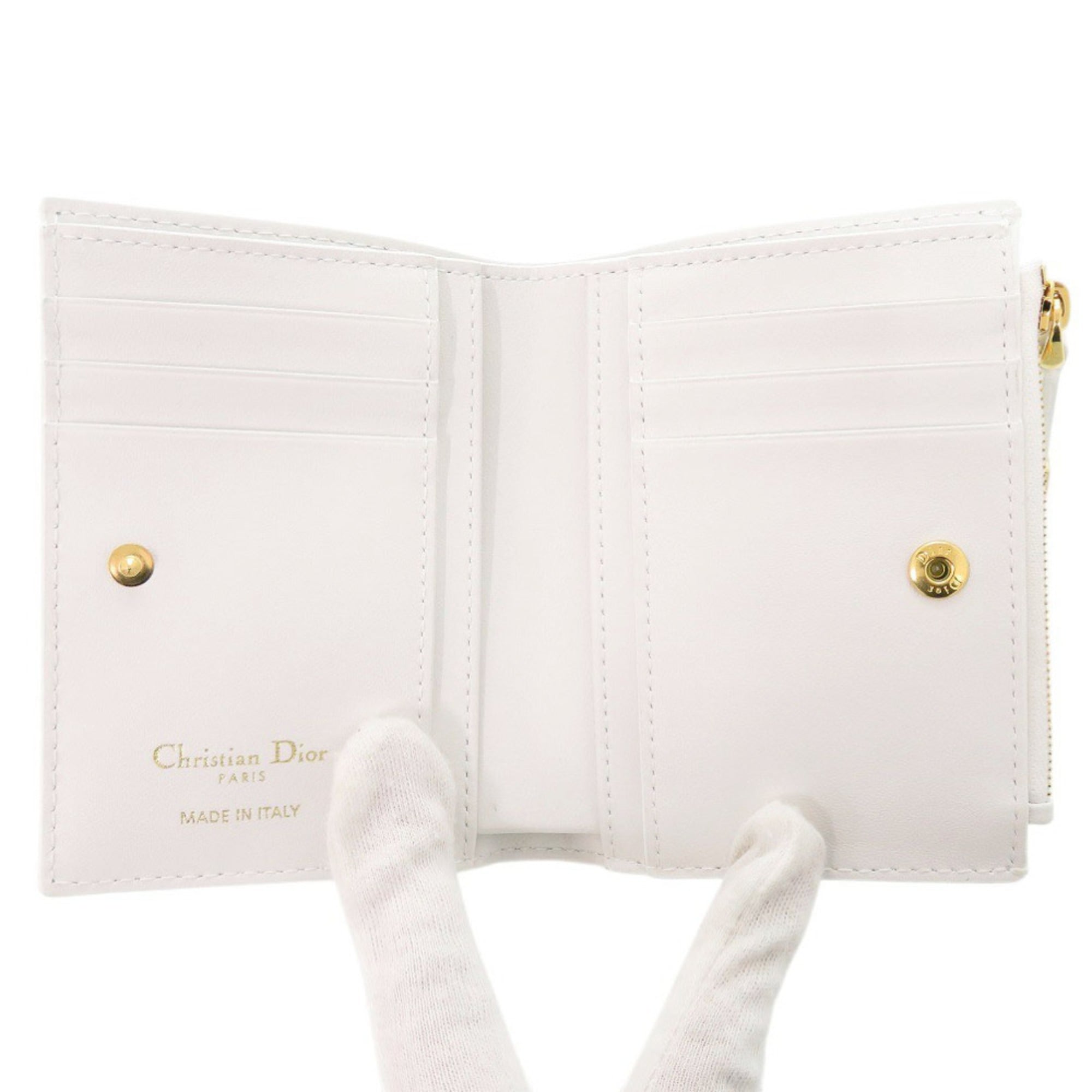 Christian Dior White Leather Wallet (Bi-Fold) (Pre-Owned)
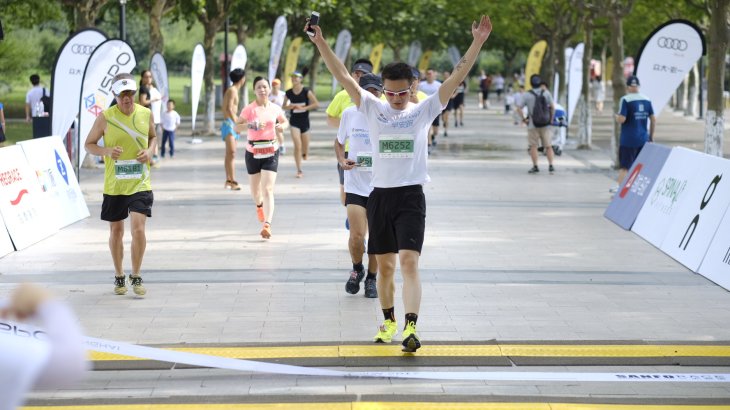 Mission accomplished! Crossing the finish line after a rough 30 minutes and running in 30 degrees celsius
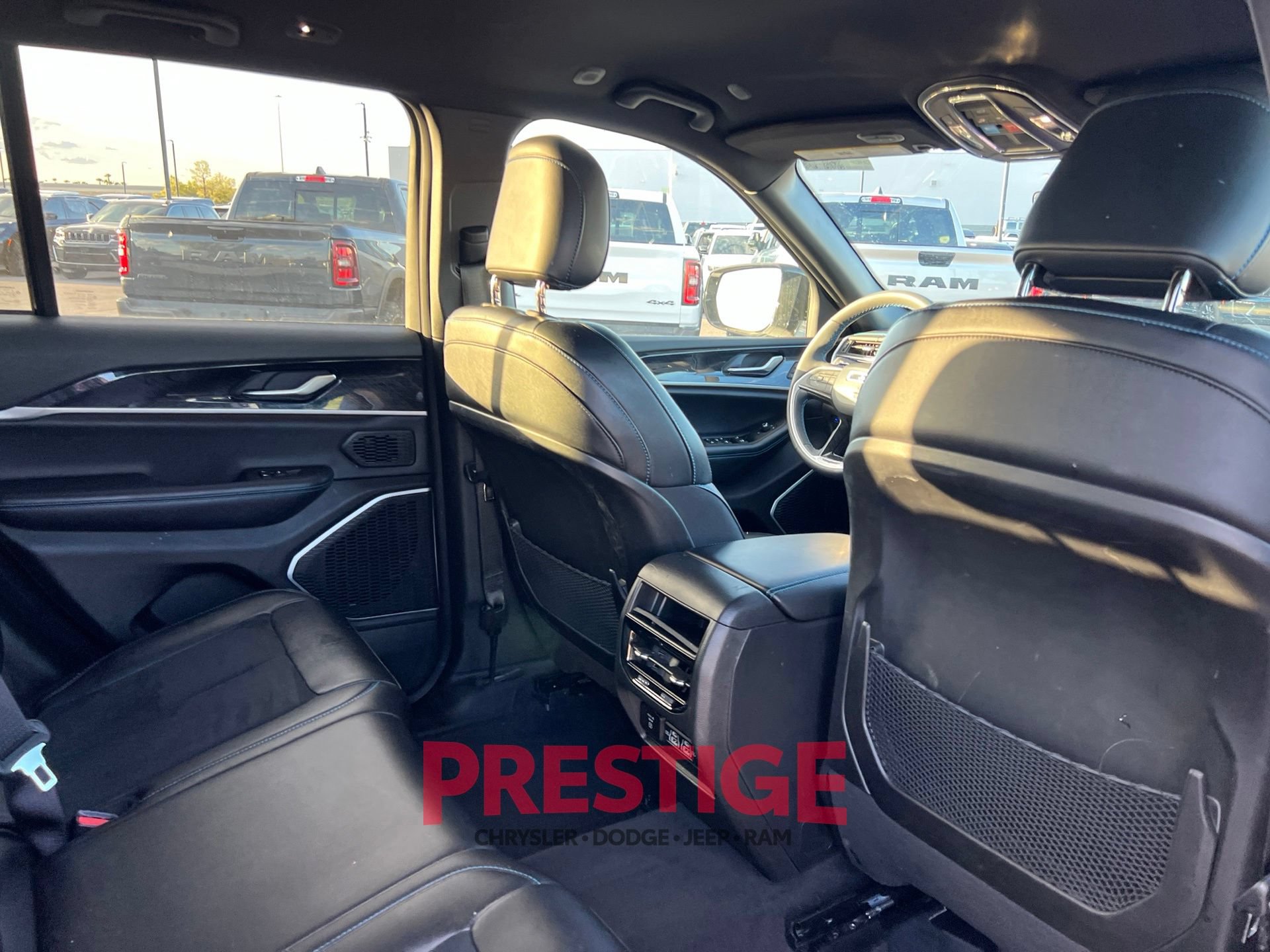 Used 2022 Jeep Grand Cherokee Trailhawk AWD/4WD image 24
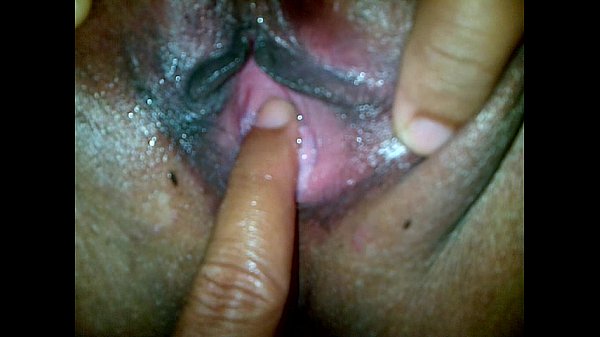 Mami Indonesia Dengan Bokong Gede Dan Memek Basah Ditusuk Empat Jari Lalu Digencet Habis-habisan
◇ ◇ ◇ ◇
* Task objective: From the line that holds "Mission accomplished! Crossing" to the last line of the data, return those lines exactly and nothing else; both ends count, and pictures stay out.

* Exercise solution:
 Mission accomplished! Crossing the finish line after a rough 30 minutes and running in 30 degrees celsius
 Used 2022 Jeep Grand Cherokee Trailhawk AWD/4WD image 24
 Mami Indonesia Dengan Bokong Gede Dan Memek Basah Ditusuk Empat Jari Lalu Digencet Habis-habisan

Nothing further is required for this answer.